それは、バレエスクールが「サービス業」のように扱われる場面が増えていることです。
もし「お客様満足」が最優先なら、
嫌なことは言わない方がいいでしょう。
厳しい注意もしない方がいいでしょう。
生徒が落ち込まないよう、常に気分良く帰ってもらうことを優先する方が、短期的には運営しやすいのかもしれません。
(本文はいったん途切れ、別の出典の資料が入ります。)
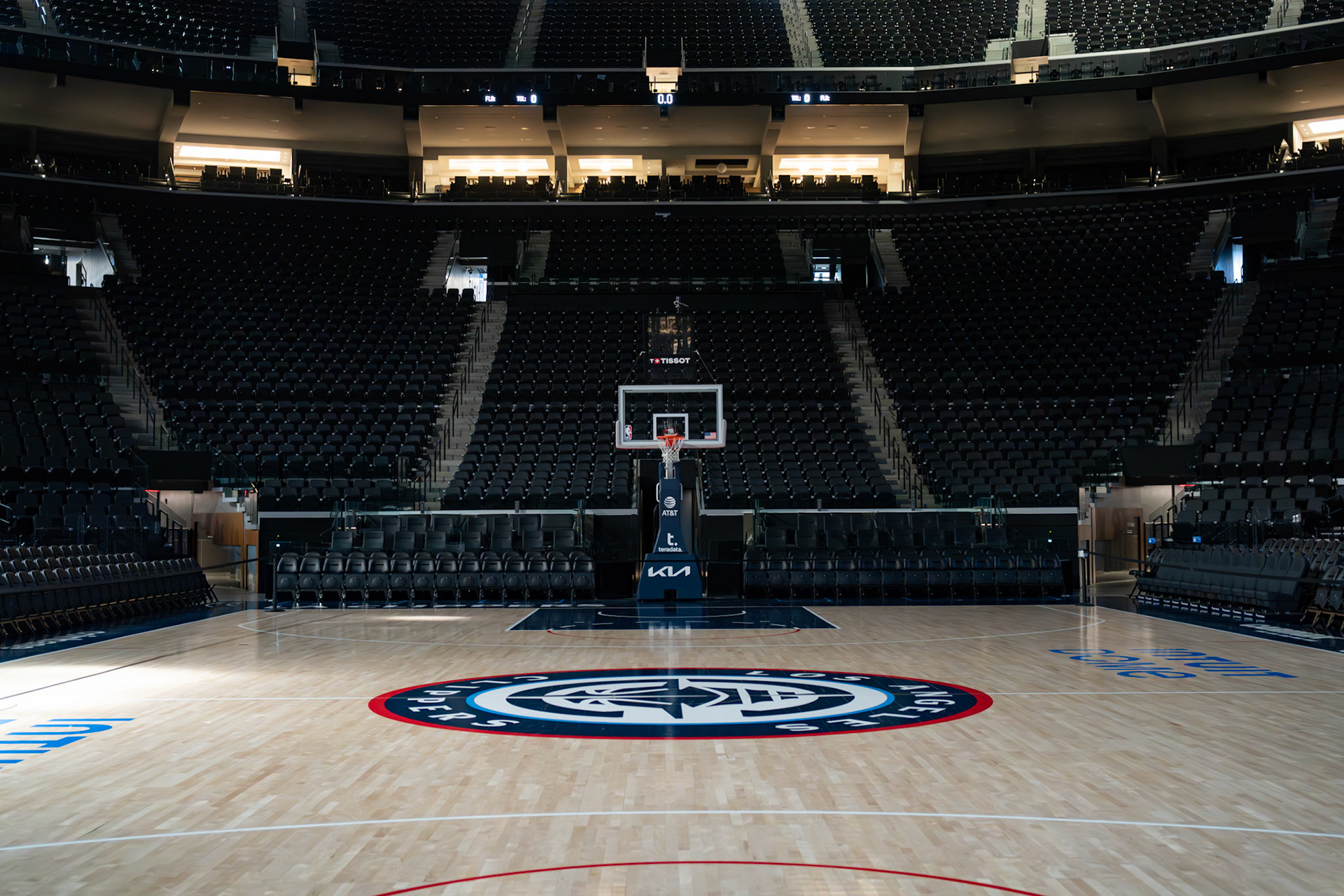 View of the floor of the Intuit Dome from in front of The Wall.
ですが、本来のクラシックバレエは、そのような世界ではありません。
何度も同じことを繰り返し、
基礎を積み重ね、
注意され、
修正され、
長い時間をかけて少しずつ身体を変えていく。
華やかに見える舞台の裏には、地道で終わりのない積み重ねがあります。
そして、それを支えるには、「迎合」ではなく、指導する側の明確な基準が必要です。
「保護者対応」が中心になり始める危うさ
近年は、習い事全体が「保護者満足」を強く求められる時代になっているようにも感じます。
もちろん、保護者との信頼関係は非常に大切です。
しかし、その比重が大きくなりすぎると、教育そのものが少しずつ変質していきます。
本来、生徒のために必要な指導であっても、
「厳しく見えないか」
「保護者にどう思われるか」
「不満につながらないか」
を過度に気にし始めると、次第に“指導”より“配慮”が優先されるようになります。
すると、教師側も無意識のうちに、
生徒ではなく保護者の顔色を見るようになっていきます。
それは、クラシックバレエ教育にとって、とても危険な状態だと感じています。
バレエは本来、
短期間で結果を保証するものではありません。
地道な反復、
継続、
修正、
忍耐。
そうした時間の積み重ねの中でしか、身体も感覚も変わっていかない世界です。
だからこそ、スクール側まで「ご機嫌取り」に近い状態になってしまうと、長期的には教育の質そのものが崩れていきます。
「お客様」ではなく、「学ぶ側」として向き合う
当スクールでは、
生徒を単なる「お客様」としてではなく、
一人ひとりが長い時間をかけて学んでいく存在として向き合っています。
そのため、ときには厳しく感じることもあるかもしれません。
ですが、それは否定ではなく、
本気で指導に向き合っているからこその言葉です。
クラシックバレエには、本来、世界共通の礼儀や秩序があります。
静かな集中環境、
教師への敬意、
仲間への配慮、
継続する姿勢。
そうした土台の上に、技術や芸術が積み重なっていきます。
だからこそ当スクールでは、
「誰にでも合わせること」よりも、
落ち着いた環境を維持し、
真剣に学びたい人が集中できることを重視しています。
教育の場である以上、
すべての要望を通すことが正しいとは考えていません。
時代が変わっても、
バレエの本質そのものは、簡単には変わらないと思っています。